### Exercise directions
Would you please return the lines of the entries below starting at the line that has "MADRID, 21/11/2022.- Participantes" and ending at the line that has "Building Photo - 86 E Grattan St", both included, exactly as they are?

=-=-=

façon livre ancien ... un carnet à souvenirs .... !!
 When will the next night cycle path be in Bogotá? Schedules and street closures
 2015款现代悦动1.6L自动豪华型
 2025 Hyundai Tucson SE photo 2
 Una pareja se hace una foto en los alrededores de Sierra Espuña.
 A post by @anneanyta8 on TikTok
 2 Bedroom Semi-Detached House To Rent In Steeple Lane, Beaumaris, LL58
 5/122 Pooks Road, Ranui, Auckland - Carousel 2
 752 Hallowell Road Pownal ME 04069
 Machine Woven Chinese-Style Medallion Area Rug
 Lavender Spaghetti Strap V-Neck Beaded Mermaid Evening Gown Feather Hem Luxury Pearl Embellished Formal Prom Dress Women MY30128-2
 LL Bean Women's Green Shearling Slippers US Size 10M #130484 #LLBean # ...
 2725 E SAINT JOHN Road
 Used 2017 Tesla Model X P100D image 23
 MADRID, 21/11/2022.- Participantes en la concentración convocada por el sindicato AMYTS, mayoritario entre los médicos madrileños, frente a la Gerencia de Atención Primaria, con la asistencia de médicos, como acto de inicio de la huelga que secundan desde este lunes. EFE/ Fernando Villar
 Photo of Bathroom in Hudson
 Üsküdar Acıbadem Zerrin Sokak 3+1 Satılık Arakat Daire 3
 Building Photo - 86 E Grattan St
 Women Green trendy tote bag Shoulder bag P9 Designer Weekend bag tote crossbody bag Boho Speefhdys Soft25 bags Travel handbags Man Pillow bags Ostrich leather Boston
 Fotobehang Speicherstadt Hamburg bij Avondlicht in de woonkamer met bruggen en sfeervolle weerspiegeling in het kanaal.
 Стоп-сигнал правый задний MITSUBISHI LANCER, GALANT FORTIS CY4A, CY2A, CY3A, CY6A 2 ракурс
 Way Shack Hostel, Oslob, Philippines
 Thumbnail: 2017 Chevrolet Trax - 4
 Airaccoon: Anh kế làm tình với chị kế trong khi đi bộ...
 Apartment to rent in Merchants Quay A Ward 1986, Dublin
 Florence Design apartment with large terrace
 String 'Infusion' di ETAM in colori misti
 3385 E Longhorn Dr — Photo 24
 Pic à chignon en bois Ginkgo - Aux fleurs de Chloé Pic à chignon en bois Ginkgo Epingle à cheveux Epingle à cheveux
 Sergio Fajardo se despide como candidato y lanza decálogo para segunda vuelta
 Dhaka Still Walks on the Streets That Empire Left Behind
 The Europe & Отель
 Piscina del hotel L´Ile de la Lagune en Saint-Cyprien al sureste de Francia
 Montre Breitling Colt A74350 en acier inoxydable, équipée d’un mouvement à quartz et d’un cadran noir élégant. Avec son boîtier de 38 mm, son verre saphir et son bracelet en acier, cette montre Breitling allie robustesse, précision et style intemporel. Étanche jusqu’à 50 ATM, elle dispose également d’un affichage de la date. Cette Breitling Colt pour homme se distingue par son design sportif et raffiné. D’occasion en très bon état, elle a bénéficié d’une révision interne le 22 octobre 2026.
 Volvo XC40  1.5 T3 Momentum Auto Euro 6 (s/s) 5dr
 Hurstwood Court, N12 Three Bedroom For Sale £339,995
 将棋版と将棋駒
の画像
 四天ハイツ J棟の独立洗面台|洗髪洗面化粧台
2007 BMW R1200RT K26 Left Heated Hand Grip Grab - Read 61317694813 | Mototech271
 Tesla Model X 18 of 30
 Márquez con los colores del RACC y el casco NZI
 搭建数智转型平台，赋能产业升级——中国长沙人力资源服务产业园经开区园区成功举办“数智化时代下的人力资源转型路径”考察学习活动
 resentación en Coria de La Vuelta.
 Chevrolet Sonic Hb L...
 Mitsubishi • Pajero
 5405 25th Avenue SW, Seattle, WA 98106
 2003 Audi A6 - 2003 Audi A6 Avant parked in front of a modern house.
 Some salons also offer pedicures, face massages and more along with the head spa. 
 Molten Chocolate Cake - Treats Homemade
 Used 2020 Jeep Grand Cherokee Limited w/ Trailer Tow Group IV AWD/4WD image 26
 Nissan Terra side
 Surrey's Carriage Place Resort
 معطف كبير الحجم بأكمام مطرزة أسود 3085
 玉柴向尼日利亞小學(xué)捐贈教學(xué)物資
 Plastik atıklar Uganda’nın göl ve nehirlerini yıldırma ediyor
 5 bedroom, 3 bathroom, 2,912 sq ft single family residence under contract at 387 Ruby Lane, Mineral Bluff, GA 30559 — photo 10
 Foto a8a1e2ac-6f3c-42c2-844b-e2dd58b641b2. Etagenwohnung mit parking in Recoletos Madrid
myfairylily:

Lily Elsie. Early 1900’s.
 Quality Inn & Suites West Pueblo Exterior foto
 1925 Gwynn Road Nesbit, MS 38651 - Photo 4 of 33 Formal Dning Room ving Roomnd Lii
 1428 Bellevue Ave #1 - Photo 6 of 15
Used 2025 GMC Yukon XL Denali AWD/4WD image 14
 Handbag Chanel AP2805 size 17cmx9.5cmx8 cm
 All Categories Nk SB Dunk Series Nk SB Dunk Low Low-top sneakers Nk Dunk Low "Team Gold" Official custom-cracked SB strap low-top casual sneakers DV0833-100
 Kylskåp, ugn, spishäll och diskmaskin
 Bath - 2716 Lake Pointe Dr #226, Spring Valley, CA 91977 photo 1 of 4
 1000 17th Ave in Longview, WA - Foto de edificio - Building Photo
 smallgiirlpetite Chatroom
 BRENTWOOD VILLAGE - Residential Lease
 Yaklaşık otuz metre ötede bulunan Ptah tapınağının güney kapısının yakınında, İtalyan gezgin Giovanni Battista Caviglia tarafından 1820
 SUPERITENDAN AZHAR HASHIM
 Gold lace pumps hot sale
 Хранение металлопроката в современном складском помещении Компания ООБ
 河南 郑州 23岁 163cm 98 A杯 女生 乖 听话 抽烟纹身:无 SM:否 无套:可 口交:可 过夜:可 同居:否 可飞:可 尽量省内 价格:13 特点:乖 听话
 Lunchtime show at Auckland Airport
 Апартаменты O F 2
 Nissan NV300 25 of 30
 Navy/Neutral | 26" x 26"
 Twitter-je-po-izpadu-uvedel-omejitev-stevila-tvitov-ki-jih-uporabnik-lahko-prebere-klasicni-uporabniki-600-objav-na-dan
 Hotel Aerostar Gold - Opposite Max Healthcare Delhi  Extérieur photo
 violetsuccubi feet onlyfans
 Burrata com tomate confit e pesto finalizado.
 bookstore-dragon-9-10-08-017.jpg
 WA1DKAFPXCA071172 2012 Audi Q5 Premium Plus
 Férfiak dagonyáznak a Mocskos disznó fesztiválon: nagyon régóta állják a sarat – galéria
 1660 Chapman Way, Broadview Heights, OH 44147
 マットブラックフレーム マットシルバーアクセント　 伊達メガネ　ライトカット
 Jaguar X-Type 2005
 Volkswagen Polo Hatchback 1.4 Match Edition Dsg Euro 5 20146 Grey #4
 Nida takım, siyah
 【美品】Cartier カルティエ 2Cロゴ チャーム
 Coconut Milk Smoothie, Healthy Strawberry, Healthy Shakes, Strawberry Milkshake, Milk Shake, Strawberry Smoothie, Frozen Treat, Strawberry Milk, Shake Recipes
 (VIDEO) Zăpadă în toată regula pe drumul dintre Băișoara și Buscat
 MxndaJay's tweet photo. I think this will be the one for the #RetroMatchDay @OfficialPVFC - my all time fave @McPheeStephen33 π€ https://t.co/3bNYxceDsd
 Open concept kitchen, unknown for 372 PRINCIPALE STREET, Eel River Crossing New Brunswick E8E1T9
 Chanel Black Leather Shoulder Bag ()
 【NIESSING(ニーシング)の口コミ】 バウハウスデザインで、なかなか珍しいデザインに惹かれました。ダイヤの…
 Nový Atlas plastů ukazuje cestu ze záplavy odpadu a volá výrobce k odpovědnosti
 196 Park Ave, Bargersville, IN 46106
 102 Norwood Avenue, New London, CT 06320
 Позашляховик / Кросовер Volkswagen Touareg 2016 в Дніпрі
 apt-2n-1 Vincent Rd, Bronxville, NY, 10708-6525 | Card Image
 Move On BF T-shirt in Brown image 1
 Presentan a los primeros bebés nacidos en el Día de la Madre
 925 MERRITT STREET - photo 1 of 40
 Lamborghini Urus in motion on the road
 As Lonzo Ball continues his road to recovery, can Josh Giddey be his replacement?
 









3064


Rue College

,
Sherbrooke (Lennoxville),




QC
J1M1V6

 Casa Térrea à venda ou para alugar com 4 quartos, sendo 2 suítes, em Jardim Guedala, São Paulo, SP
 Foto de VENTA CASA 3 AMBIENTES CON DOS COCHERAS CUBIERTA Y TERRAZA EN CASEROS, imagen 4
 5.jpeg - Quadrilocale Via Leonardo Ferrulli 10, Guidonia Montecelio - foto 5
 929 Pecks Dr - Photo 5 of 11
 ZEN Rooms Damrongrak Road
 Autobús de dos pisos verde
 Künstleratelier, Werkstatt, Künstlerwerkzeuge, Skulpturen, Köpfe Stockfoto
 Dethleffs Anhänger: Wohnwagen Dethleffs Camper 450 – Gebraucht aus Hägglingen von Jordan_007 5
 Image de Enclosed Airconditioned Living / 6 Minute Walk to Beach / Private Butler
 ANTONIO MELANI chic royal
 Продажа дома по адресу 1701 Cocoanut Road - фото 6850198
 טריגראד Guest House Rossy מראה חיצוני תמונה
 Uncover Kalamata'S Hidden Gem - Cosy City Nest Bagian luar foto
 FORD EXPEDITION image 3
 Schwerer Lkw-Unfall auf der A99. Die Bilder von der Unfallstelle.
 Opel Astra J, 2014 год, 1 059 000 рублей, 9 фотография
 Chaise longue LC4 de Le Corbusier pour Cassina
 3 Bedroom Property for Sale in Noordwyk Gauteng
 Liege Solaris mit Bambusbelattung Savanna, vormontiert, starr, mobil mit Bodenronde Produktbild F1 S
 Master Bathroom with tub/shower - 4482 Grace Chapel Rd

=-=-=

### Your solution
 MADRID, 21/11/2022.- Participantes en la concentración convocada por el sindicato AMYTS, mayoritario entre los médicos madrileños, frente a la Gerencia de Atención Primaria, con la asistencia de médicos, como acto de inicio de la huelga que secundan desde este lunes. EFE/ Fernando Villar
 Photo of Bathroom in Hudson
 Üsküdar Acıbadem Zerrin Sokak 3+1 Satılık Arakat Daire 3
 Building Photo - 86 E Grattan St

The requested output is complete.